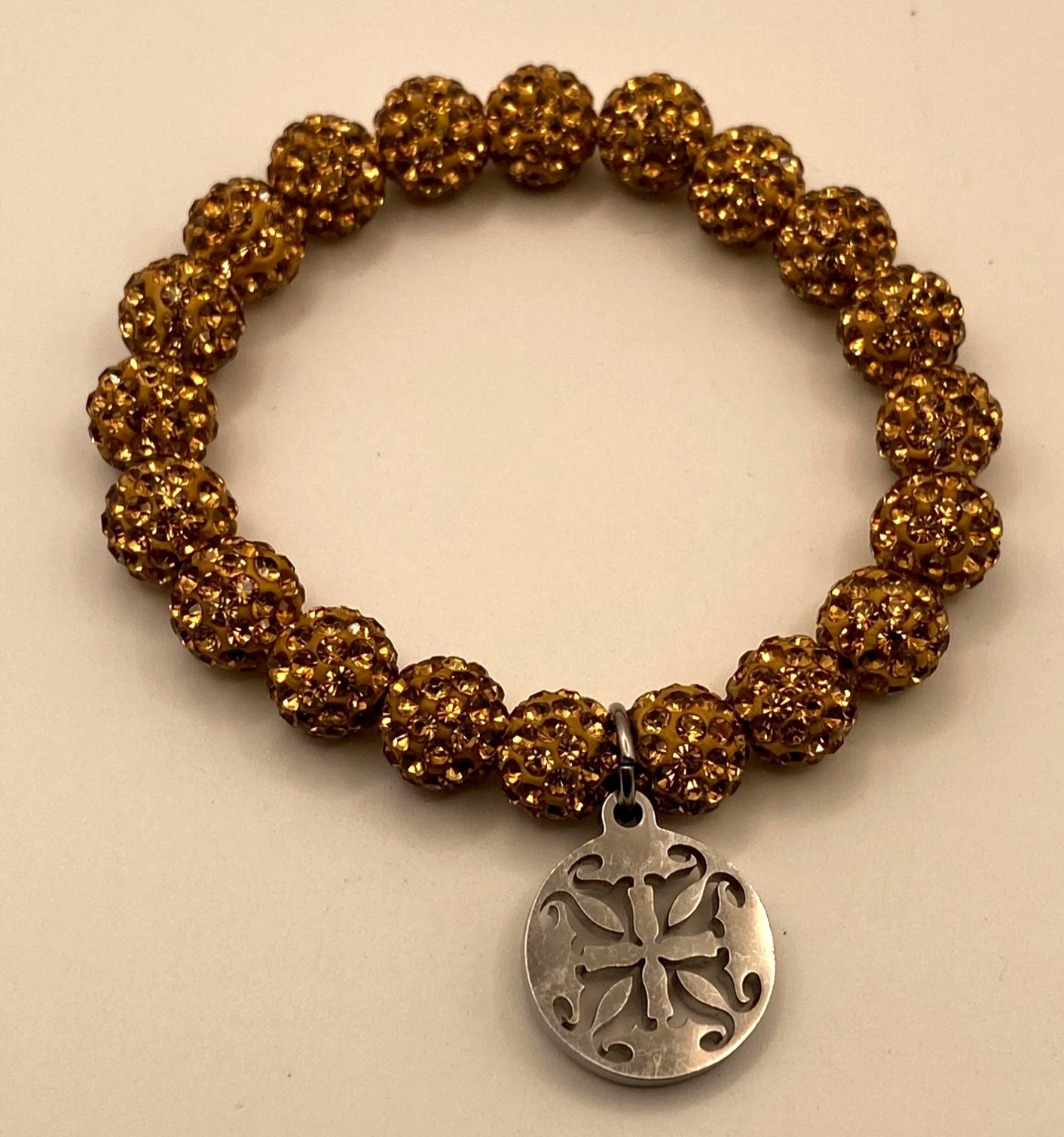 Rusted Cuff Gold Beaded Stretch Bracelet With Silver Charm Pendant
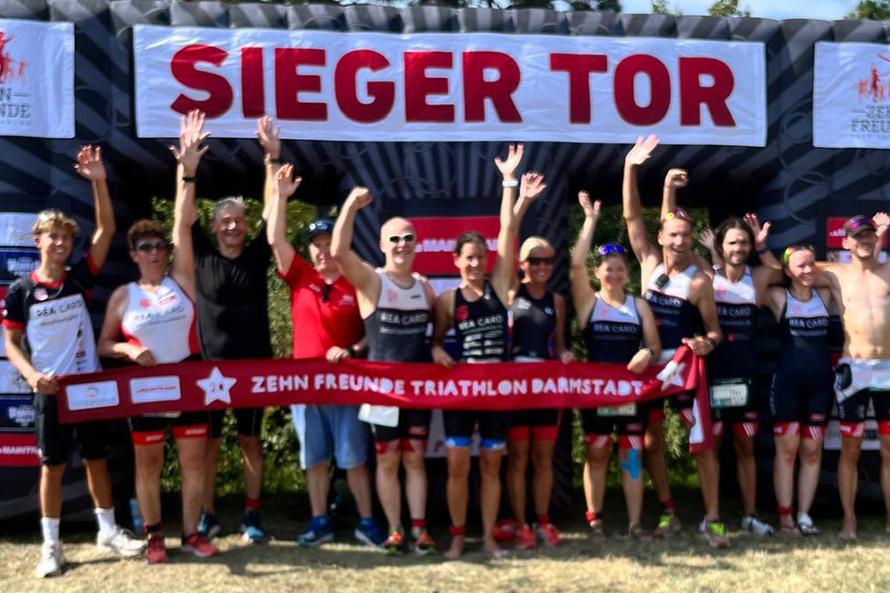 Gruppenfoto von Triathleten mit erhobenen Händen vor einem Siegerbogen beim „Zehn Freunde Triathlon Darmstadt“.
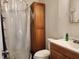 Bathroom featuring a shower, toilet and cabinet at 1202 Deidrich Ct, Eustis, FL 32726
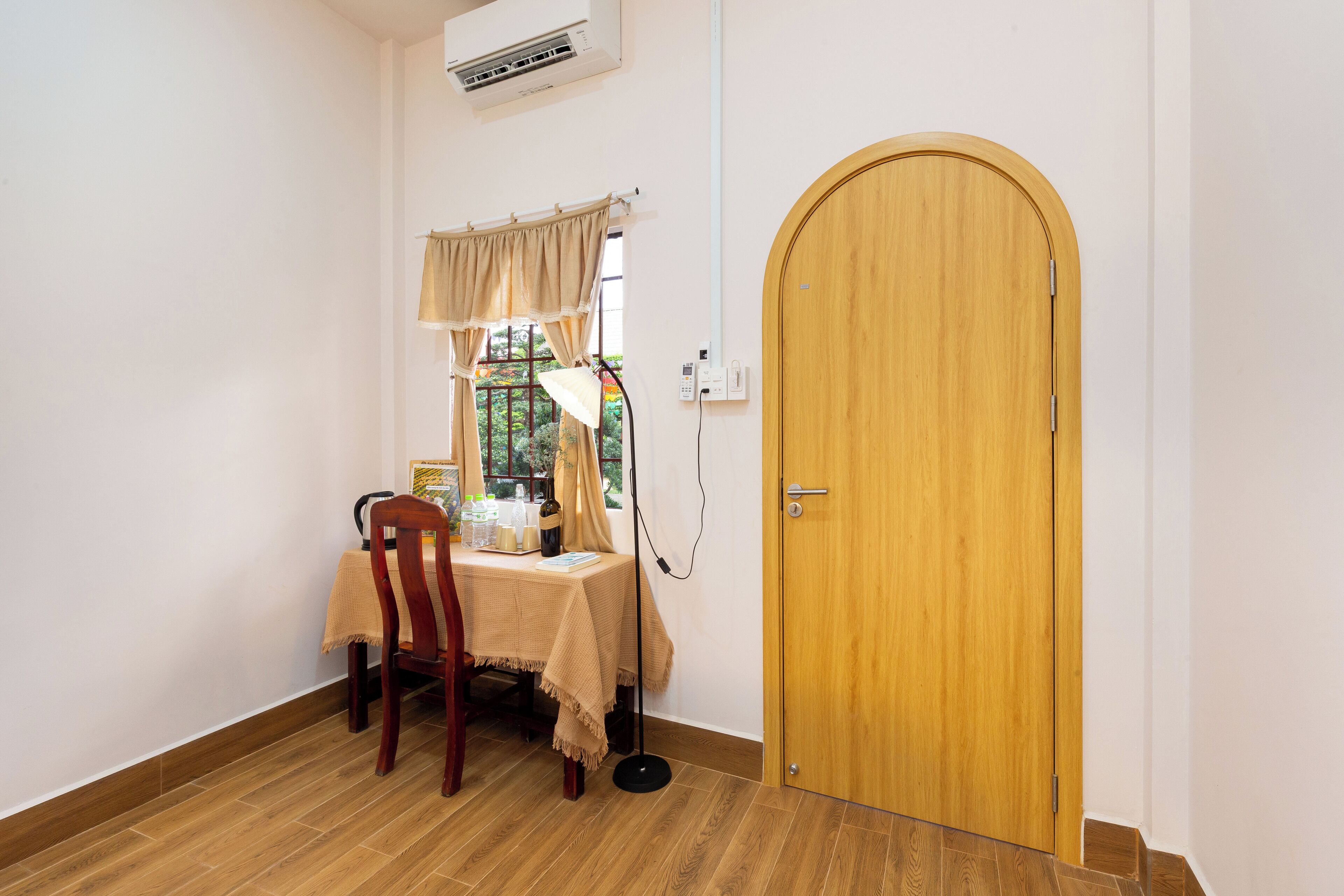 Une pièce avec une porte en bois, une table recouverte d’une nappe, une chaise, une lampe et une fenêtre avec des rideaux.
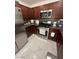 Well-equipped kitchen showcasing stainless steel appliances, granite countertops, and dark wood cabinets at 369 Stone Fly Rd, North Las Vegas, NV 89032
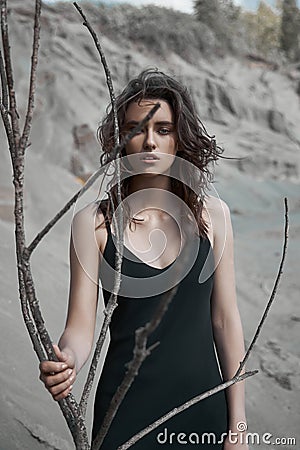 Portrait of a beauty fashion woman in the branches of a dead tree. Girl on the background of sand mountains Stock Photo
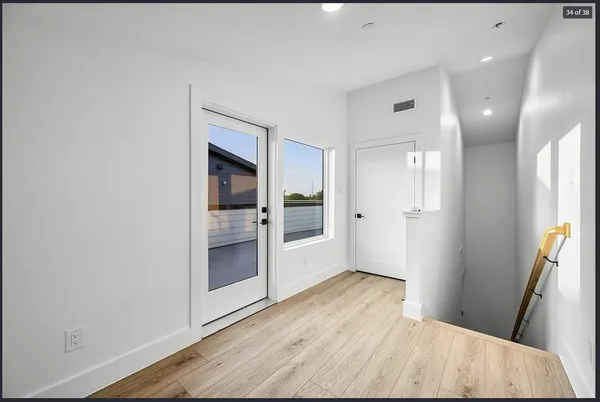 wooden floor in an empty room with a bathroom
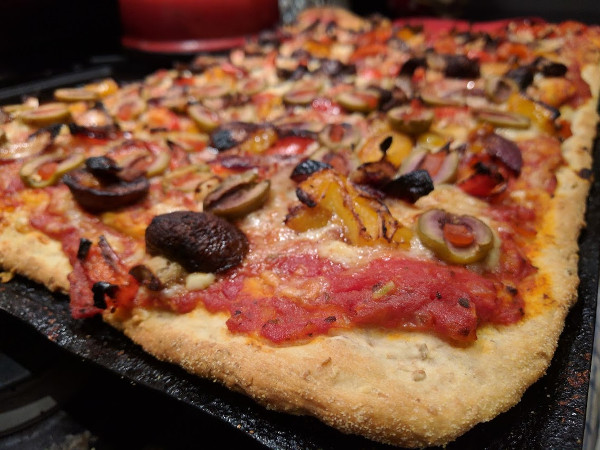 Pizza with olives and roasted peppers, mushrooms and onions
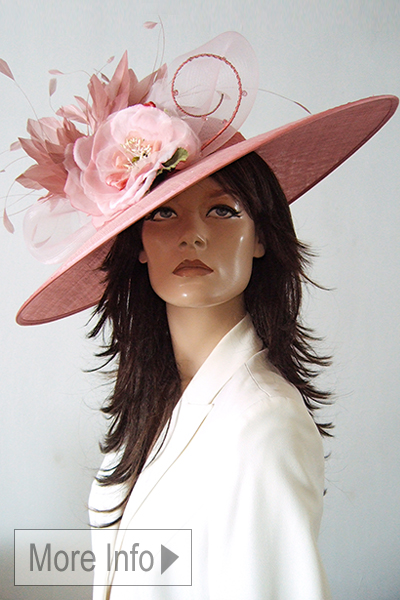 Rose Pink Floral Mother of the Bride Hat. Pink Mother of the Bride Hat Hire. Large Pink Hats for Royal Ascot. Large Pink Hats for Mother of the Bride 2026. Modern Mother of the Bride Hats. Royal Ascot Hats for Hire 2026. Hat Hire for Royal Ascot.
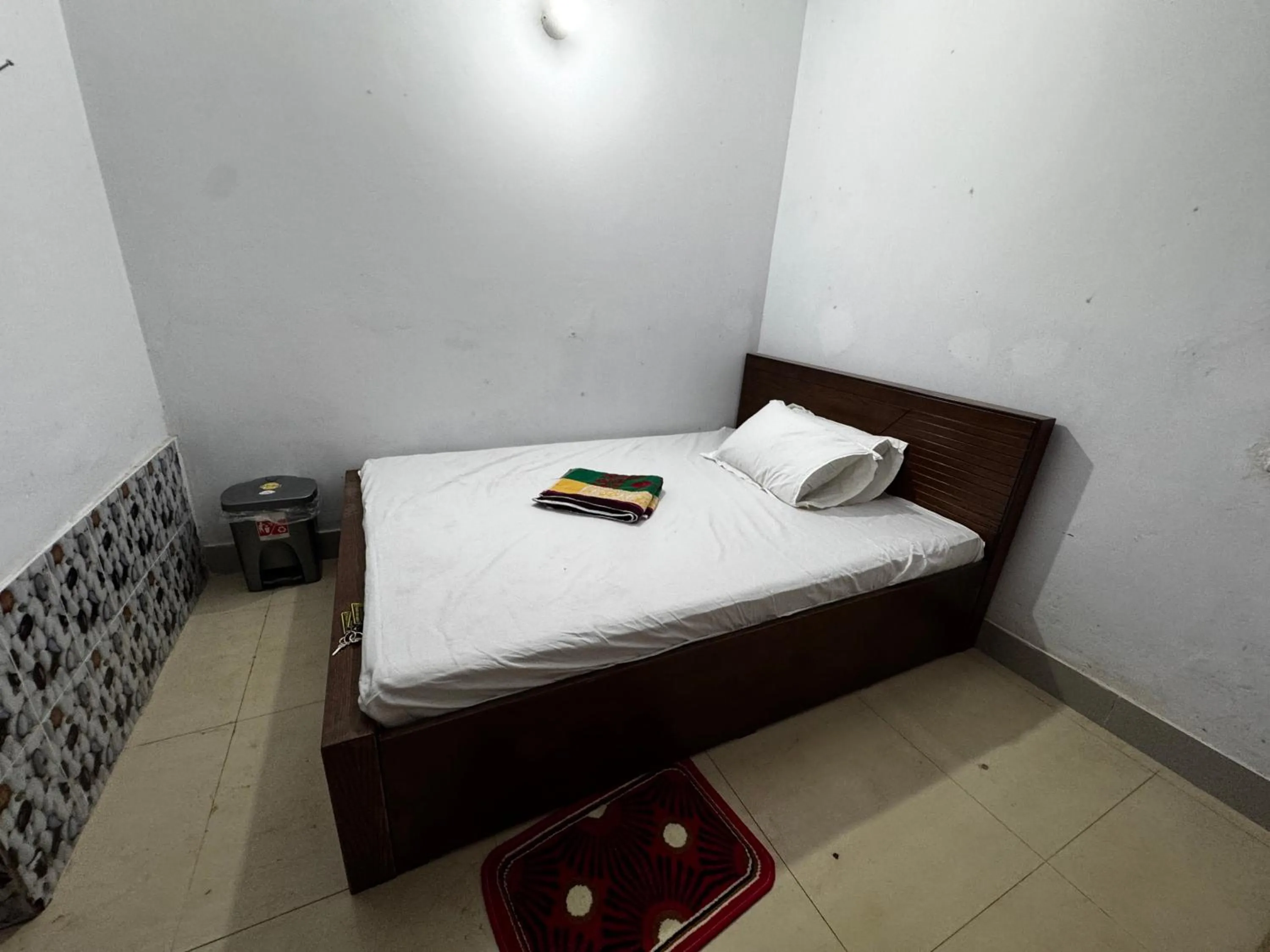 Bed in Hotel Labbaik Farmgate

§ **EXERCISE DIRECTIONS**: Find the line with "Rose Pink Floral". Reproduce it and every line after it through the last line above exactly, leaving out the pictures.

§ **TASK SOLUTION**:
 Rose Pink Floral Mother of the Bride Hat. Pink Mother of the Bride Hat Hire. Large Pink Hats for Royal Ascot. Large Pink Hats for Mother of the Bride 2026. Modern Mother of the Bride Hats. Royal Ascot Hats for Hire 2026. Hat Hire for Royal Ascot.
 Bed in Hotel Labbaik Farmgate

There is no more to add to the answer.